> What you are asked to do: Give back the lines below verbatim, omitting all pictures.

> Given data:
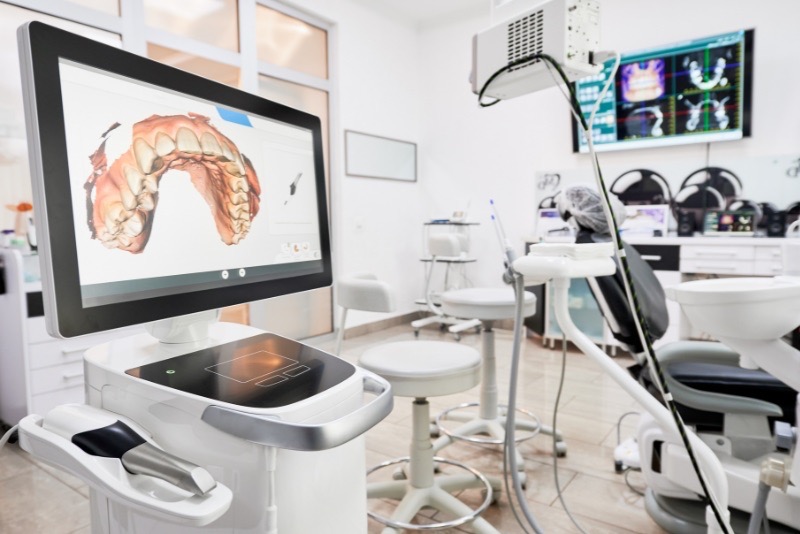 Conoce todo sobre el escáner intraoral como herramienta de diagnóstico y planificación odontológica.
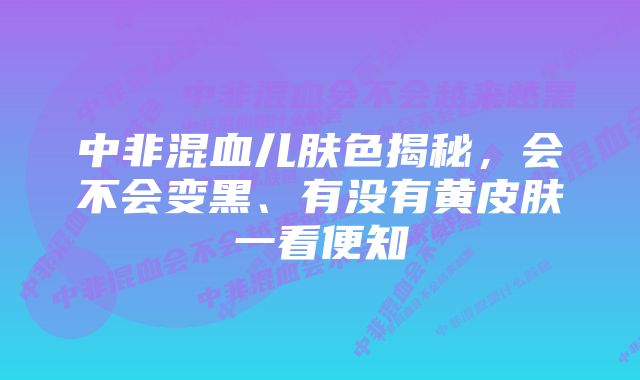 中非混血儿肤色揭秘，会不会变黑、有没有黄皮肤一看便知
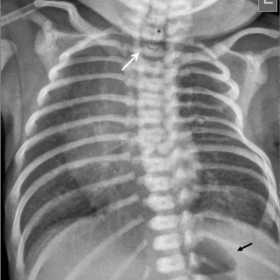 Chest radiograph with nasogastric tube in place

> Answer:
 Conoce todo sobre el escáner intraoral como herramienta de diagnóstico y planificación odontológica.
 中非混血儿肤色揭秘，会不会变黑、有没有黄皮肤一看便知
 Chest radiograph with nasogastric tube in place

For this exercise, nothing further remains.